§ **DESCRIPTION OF THE TASK**:
Give the data below again exactly, and drop each picture from it.

§ **INFORMATION SHOWN**:

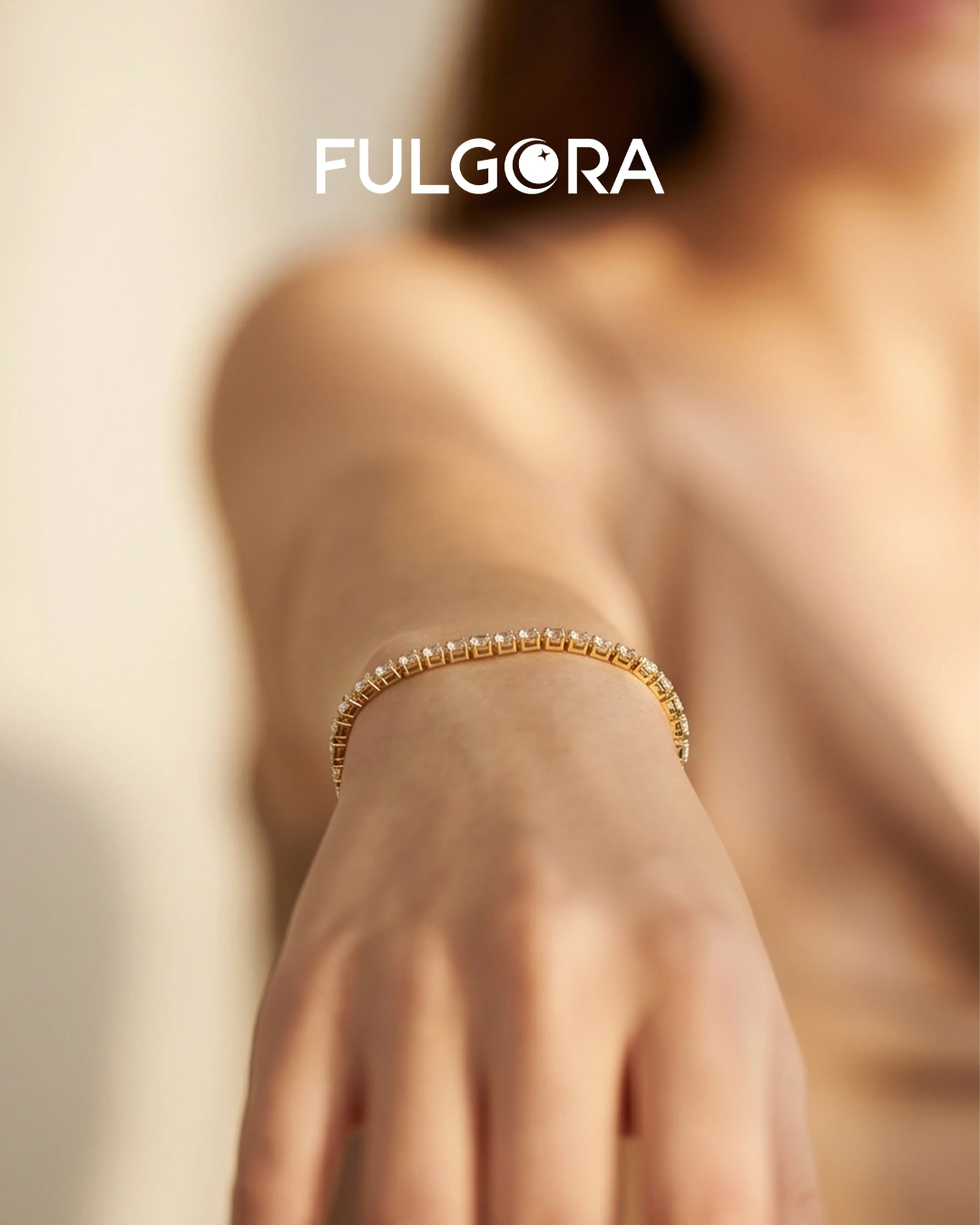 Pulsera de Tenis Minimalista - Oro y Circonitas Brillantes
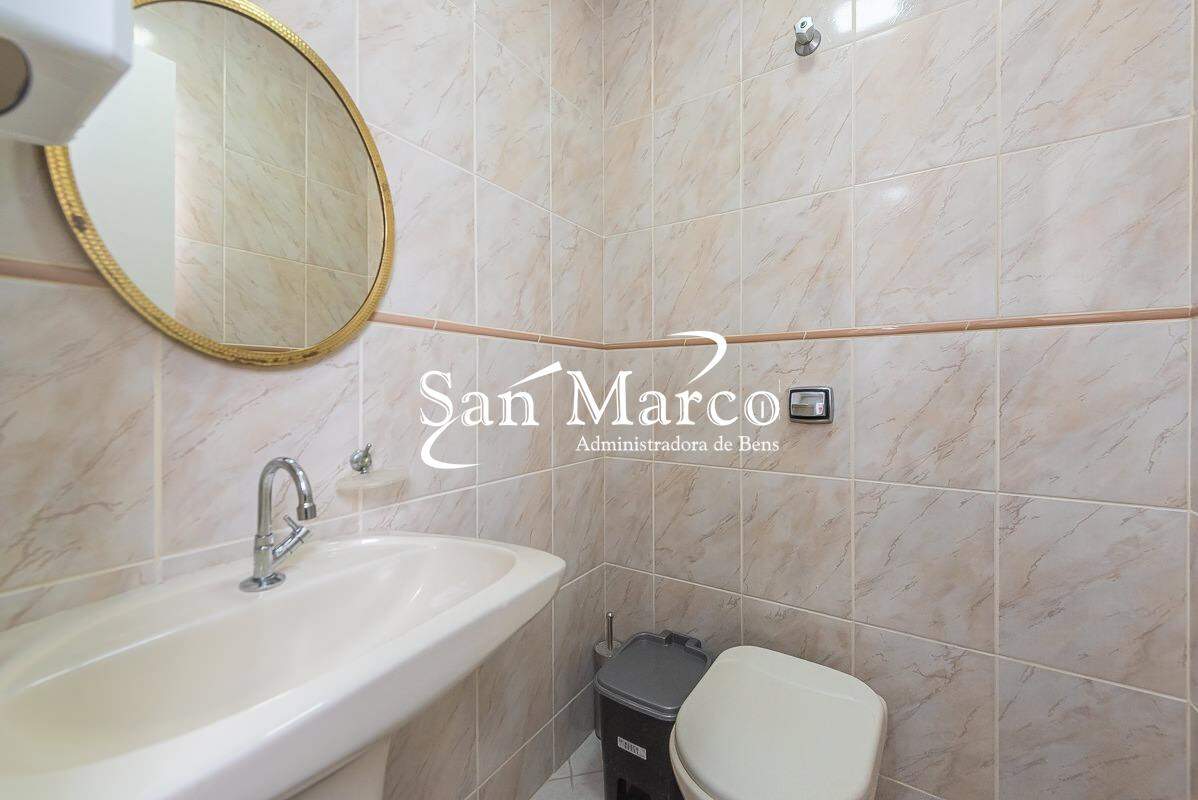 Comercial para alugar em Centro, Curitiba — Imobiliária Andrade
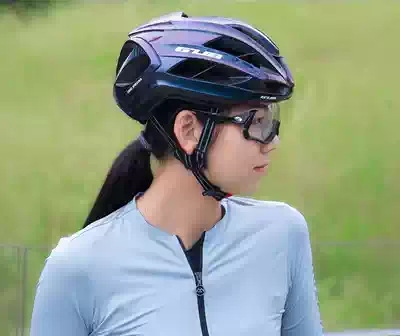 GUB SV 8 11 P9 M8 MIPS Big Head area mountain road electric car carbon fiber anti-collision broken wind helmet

§ **RESPONSE**:
 Pulsera de Tenis Minimalista - Oro y Circonitas Brillantes
 Comercial para alugar em Centro, Curitiba — Imobiliária Andrade
 GUB SV 8 11 P9 M8 MIPS Big Head area mountain road electric car carbon fiber anti-collision broken wind helmet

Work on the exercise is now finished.